Bigger Data, Easier Workflows

Author

Nic Crane, Jonathan Keane, and Neal Richardson

In this chapter we will introduce the package and the data that we’ll be using in the majority of examples in this book. We’ll also be introducing key concepts that we’ll be going into more detail about in later chapters.

2.1 Installing Arrow

The arrow R package provides bindings to the Arrow C++ library, and so both must be installed together. Normally, you don’t have to do anything unusual to do this, and, as with other R packages, Arrow can be installed by using install.packages().

install.packages("arrow")

If you want to customize your arrow installation, you can find more information in the installation guide, though for the majority of circumstances this isn’t necessary and the default installation will contain all the necessary features to work productively with arrow.

2.2 PUMS dataset

Many of the examples in this book use data from the Public Use Microdata Sample (PUMS) from the United States Census. Although the full-country census takes place every 10 years, the American Community Survey is conducted every year and that PUMS data is what we use here. The dataset we have here covers the years 2005–2022. The raw data was retrieved from the Census’s FTP site, with many values recoded and cleaned, so we can focus here on demonstrating arrow’s capabilities.

This is a dataset that comes from a detailed survey that is sent out to a subset of US residents every year. The dataset is released for public use by the Census Bureau in a raw CSV form. We have cleaned it up and converted it to a Parquet-based dataset for use with Arrow for demonstration purposes in this book.

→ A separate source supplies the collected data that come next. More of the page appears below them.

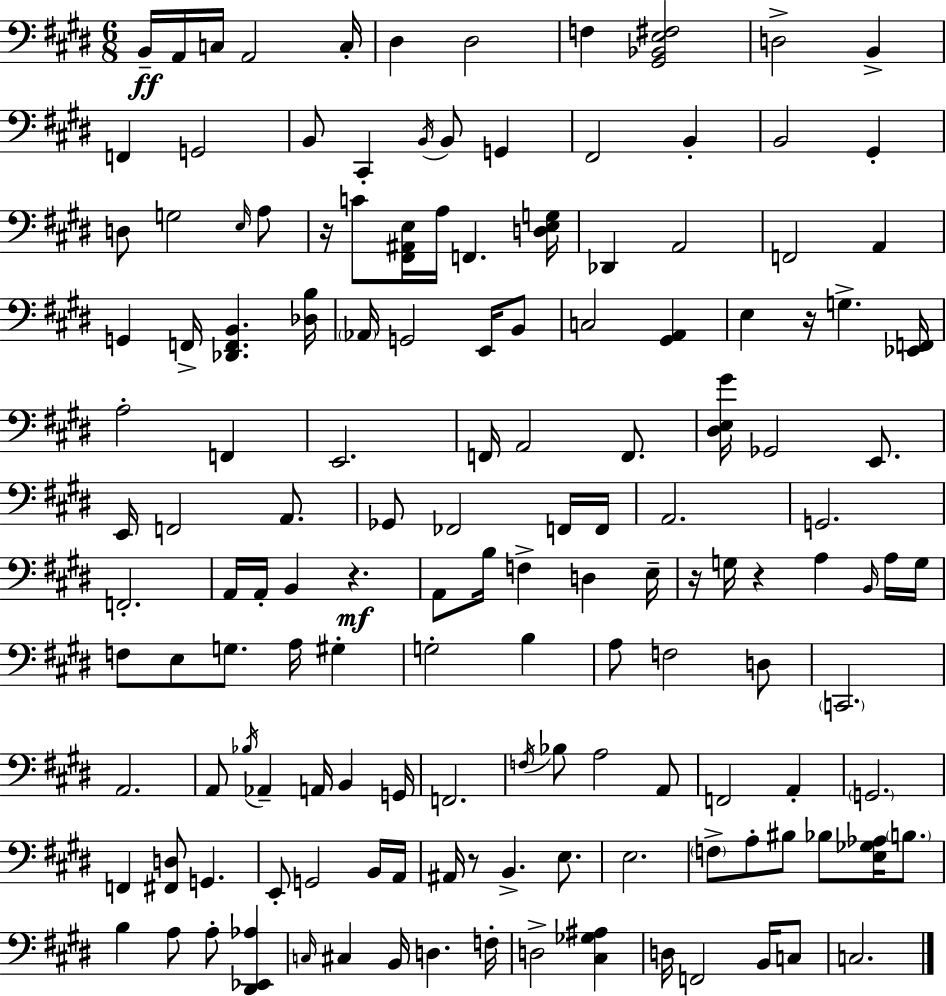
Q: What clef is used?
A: bass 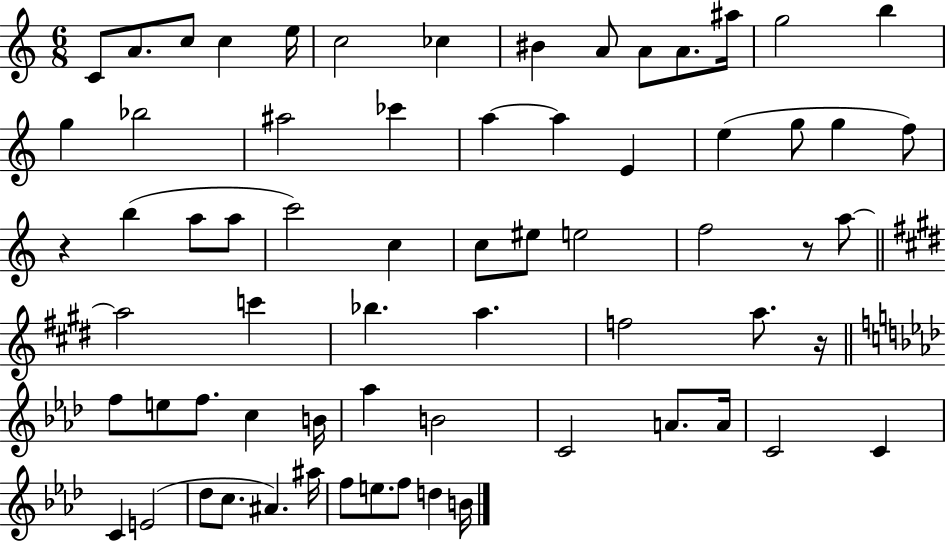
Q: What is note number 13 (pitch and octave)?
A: G5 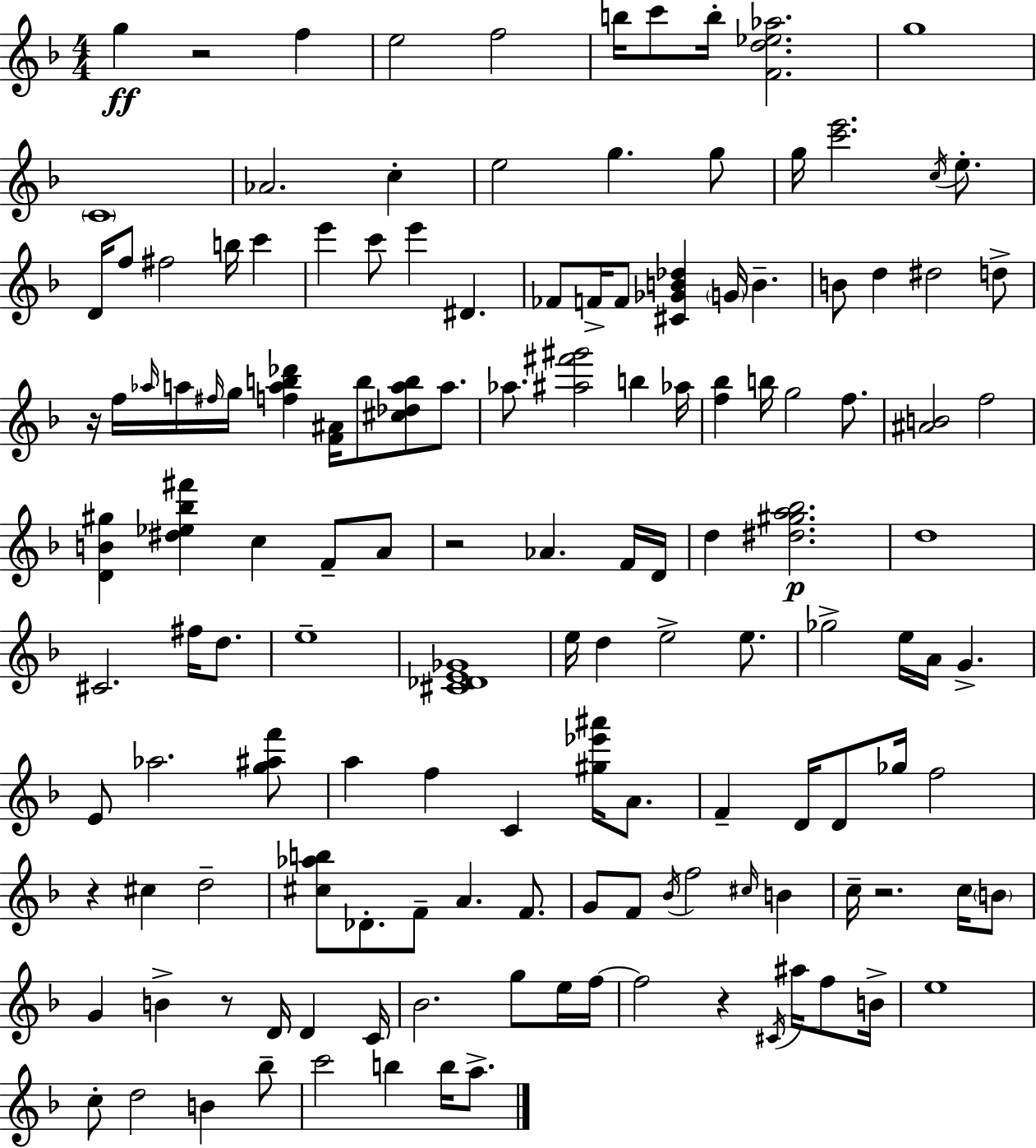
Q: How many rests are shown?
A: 7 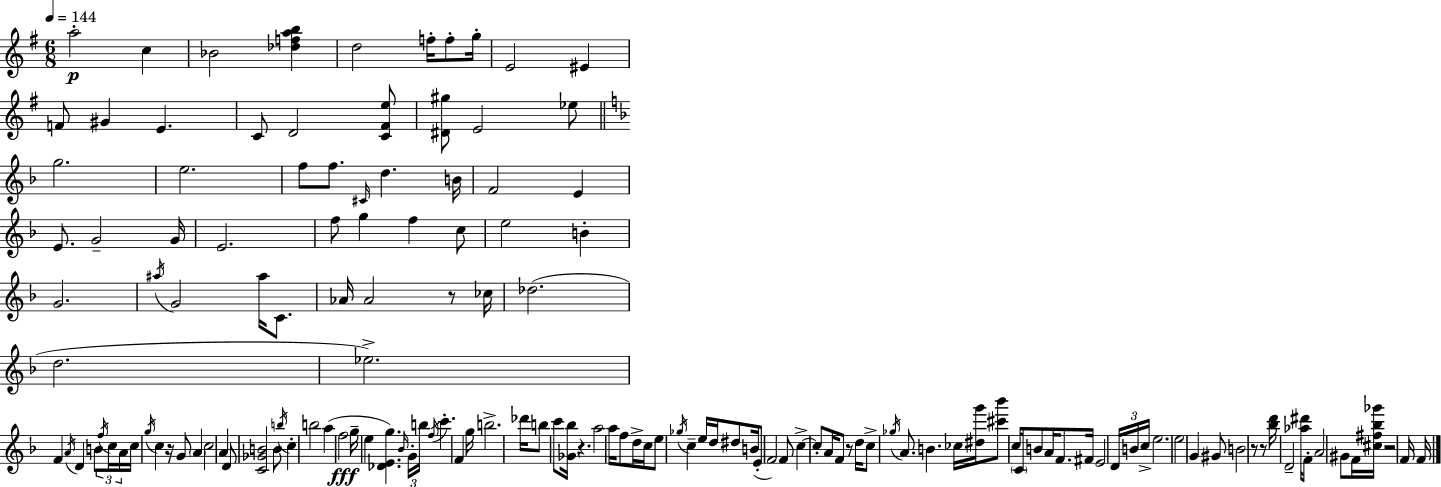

One thing we have to pay attention to is that this dataset is weighted, so we can’t simply count the number of rows to get an accurate count of population—instead we sum or multiply by the weighting variables. This is why the example in the Introduction did sum(PWGTP) rather than just n() to count the population. We will discuss this weighting in our analysis below. If you want to know more details about the dataset, including how you can get hold of it, you can read more about it in Section A.2.1.

2.3 Opening the dataset

Let’s take a look at the data in R. The data is stored in a directory called ./data/pums/person. This is further split into multiple directories, one for each year, and then within those directories, one for each location. Finally, within each state directory, there is a single Parquet file containing the data for that year and location.1

./data/pums/person/
├── year=2005
│   ├── location=ak
│   │   └── part-0.parquet
...
│   └── location=wy
│       └── part-0.parquet
├── year=2006
│   ├── location=ak
│   │   └── part-0.parquet
...
│   └── location=wy
│       └── part-0.parquet

If we want to take a quick look at one of the files in the dataset, we can use read_parquet() to read it into R.

library(arrow)
path <- "./data/person/year=2021/location=ca/part-0.parquet"
read_parquet(path)